Managing Dependencies

If you’re like me who want all dependencies to be in the same place as much as possible, I recommend using Poetry and grouping your dependencies. The simplest default case is including dev dependencies. Modal Image can build them using

poetry_install_from_file("pyproject.toml", without=["dev"])

It’s also possible to have a fine-grained grouping like the following in pyproject.toml

[tool.poetry.dependencies]
python = ">=3.10,<3.12"
modal = "^0.52.3366"

[tool.poetry.core.dependencies]
numpy = "^1.20.0"
pydantic = "^2.3.0"

[tool.poetry.db.dependencies]
pymongo = { version = "^4.5", extras = ["srv"] }

[tool.poetry.service1.dependencies]
...

[tool.poetry.service2.dependencies]
...

and build each stubbed function or class image using

poetry_install_from_file("pyproject.toml", with_=["core", "db", "service1"])
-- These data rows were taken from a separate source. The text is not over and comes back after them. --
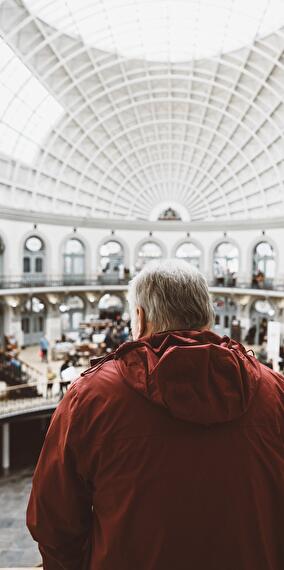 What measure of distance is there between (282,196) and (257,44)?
1025 cm

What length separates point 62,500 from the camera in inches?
61.6

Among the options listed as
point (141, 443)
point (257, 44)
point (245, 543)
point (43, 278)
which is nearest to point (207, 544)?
point (245, 543)

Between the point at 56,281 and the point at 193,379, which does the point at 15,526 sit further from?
the point at 56,281

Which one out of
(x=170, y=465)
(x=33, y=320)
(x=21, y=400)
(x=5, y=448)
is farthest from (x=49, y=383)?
(x=170, y=465)

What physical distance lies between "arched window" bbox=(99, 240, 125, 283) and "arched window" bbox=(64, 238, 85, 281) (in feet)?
5.47

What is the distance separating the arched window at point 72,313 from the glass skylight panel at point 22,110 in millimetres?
10990

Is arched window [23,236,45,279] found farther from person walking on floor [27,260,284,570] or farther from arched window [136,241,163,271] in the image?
person walking on floor [27,260,284,570]

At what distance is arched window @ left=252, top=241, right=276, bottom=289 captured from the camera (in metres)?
29.4

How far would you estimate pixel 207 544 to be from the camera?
1414mm

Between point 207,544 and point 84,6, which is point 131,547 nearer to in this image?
point 207,544

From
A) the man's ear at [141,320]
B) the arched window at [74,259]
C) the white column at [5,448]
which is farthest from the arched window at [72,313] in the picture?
the man's ear at [141,320]

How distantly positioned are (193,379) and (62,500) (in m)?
0.74

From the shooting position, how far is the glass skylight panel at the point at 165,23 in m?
19.8

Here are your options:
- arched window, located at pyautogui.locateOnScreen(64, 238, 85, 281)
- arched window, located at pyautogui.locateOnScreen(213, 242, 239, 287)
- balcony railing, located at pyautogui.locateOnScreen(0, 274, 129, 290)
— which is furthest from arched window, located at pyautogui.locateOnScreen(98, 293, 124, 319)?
arched window, located at pyautogui.locateOnScreen(213, 242, 239, 287) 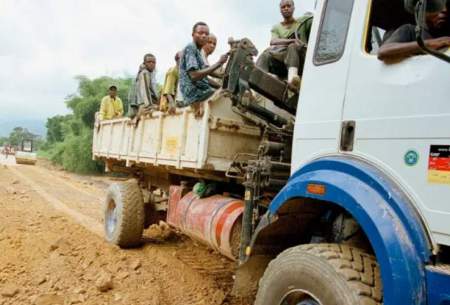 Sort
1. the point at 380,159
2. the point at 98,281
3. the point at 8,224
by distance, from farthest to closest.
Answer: the point at 8,224 < the point at 98,281 < the point at 380,159

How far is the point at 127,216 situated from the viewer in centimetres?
549

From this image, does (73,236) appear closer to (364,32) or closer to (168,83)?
(168,83)

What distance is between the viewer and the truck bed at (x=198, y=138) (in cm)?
397

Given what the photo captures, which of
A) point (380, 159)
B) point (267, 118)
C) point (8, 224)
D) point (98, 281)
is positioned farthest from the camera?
point (8, 224)

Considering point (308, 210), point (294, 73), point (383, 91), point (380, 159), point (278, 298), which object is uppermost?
point (294, 73)

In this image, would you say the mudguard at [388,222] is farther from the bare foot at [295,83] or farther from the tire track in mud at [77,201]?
the tire track in mud at [77,201]

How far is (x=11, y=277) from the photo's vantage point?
4.41 meters

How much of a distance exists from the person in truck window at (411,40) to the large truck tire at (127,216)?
13.4 ft

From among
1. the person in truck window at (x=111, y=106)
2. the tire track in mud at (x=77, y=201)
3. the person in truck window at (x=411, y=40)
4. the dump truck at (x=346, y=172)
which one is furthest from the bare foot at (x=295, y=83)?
the person in truck window at (x=111, y=106)

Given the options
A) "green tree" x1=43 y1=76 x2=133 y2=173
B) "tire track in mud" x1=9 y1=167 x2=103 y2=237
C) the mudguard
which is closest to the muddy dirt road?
"tire track in mud" x1=9 y1=167 x2=103 y2=237

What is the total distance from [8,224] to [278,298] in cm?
549

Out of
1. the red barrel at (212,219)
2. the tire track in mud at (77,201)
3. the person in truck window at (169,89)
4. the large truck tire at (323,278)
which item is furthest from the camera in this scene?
the tire track in mud at (77,201)

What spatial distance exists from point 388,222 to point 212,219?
7.09 ft

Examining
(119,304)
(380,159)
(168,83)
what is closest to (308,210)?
(380,159) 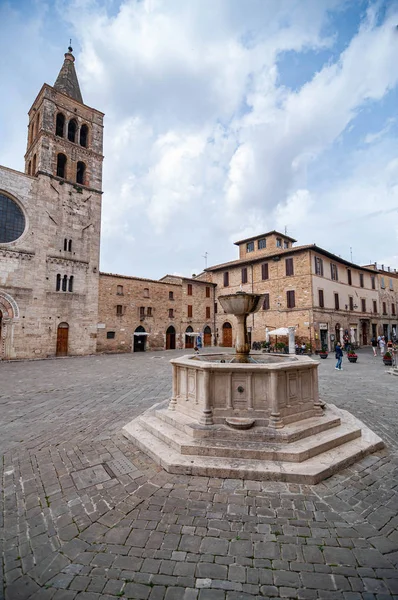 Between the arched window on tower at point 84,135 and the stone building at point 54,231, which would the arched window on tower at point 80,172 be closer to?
the stone building at point 54,231

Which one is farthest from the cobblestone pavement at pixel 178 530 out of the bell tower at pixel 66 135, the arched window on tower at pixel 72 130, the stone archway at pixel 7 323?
the arched window on tower at pixel 72 130

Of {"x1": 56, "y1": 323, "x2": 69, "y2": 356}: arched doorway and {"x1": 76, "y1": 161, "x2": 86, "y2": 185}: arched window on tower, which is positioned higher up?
{"x1": 76, "y1": 161, "x2": 86, "y2": 185}: arched window on tower

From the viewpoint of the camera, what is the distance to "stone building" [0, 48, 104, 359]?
20266 mm

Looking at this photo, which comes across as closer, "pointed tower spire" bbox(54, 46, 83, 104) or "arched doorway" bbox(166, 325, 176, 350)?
"pointed tower spire" bbox(54, 46, 83, 104)

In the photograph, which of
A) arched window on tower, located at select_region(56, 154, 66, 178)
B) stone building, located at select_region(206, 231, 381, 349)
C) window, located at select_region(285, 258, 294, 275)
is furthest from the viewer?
window, located at select_region(285, 258, 294, 275)

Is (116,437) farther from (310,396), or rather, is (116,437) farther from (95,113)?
(95,113)

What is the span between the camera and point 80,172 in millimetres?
25469

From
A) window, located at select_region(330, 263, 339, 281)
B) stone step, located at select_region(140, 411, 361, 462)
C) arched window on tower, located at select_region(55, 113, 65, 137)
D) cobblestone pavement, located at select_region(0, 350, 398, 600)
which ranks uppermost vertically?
arched window on tower, located at select_region(55, 113, 65, 137)

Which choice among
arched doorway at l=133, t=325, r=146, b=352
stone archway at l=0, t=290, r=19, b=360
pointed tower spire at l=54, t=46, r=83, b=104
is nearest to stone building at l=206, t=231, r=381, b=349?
arched doorway at l=133, t=325, r=146, b=352

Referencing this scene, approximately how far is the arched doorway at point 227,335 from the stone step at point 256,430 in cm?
2779

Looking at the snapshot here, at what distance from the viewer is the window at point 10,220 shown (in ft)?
67.1

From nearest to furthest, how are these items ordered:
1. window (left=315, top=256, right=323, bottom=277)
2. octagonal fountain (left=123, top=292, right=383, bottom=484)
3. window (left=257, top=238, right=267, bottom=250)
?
octagonal fountain (left=123, top=292, right=383, bottom=484)
window (left=315, top=256, right=323, bottom=277)
window (left=257, top=238, right=267, bottom=250)

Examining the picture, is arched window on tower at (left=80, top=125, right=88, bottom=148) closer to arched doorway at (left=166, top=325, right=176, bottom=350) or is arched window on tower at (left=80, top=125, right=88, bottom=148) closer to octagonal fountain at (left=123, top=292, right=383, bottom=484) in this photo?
arched doorway at (left=166, top=325, right=176, bottom=350)

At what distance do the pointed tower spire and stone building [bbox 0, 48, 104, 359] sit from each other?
99 millimetres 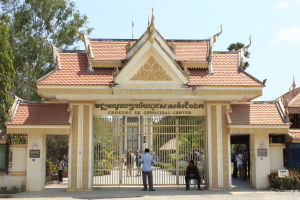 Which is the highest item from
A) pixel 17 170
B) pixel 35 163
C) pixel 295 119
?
pixel 295 119

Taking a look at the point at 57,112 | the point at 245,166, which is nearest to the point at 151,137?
the point at 57,112

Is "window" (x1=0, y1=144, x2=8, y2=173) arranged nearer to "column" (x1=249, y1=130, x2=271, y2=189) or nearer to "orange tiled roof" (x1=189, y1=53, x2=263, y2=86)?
"orange tiled roof" (x1=189, y1=53, x2=263, y2=86)

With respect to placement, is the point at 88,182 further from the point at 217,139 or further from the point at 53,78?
the point at 217,139

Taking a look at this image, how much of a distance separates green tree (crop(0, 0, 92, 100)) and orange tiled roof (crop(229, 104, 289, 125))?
40.5 ft

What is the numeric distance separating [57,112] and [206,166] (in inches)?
222

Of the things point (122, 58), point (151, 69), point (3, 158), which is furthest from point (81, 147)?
point (151, 69)

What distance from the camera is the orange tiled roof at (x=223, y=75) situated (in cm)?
1356

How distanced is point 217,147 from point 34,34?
1482 cm

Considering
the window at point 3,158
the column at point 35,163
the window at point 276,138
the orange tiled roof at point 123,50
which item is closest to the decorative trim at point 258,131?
the window at point 276,138

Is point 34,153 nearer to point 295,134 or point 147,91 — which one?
point 147,91

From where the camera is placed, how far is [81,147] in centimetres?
1374

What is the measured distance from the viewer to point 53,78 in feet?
44.2

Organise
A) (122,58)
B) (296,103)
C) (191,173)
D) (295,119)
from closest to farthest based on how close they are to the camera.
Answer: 1. (191,173)
2. (122,58)
3. (296,103)
4. (295,119)

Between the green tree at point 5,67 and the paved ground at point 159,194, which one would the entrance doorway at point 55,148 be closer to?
the green tree at point 5,67
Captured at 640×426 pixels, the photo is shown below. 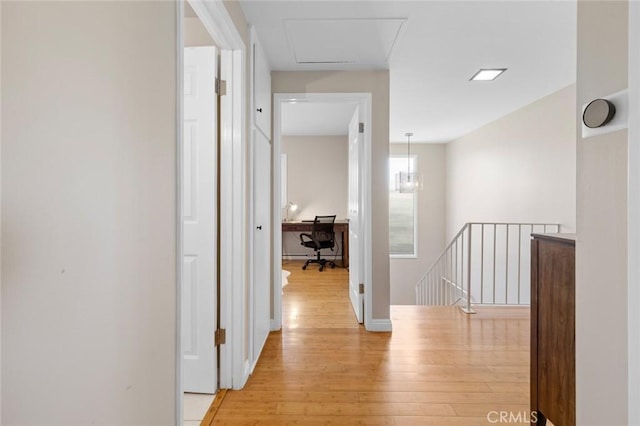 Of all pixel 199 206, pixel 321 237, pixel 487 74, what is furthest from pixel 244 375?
pixel 321 237

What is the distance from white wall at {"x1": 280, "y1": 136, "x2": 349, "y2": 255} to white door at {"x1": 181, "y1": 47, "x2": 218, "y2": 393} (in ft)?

this way centralizes the dependencies and makes upgrading and managing them easier esp. for medium to large projects than inlining them via Image.debian_image().pip_install(...).

Observability

Modal offers granular logs for each functions as well as usage. I’ve been using Sentry along side Modal and hasn’t disappointed me all at. I’ve found its distributed tracing and performance monitoring adequate which help debugging eps. at times when finding the relevant stacktraces is hard from the Modal logs.

Acknowledgement

I want to thank Modal engineers in particular Akshat Bubna (Modal’s co-founder), Jonathon Belotti and Luis Capelo for their immense help, patient and being very responsive to my queries throughout using Modal. From my experience, Modal’s customer service is fantastic despite it being run by small developer team.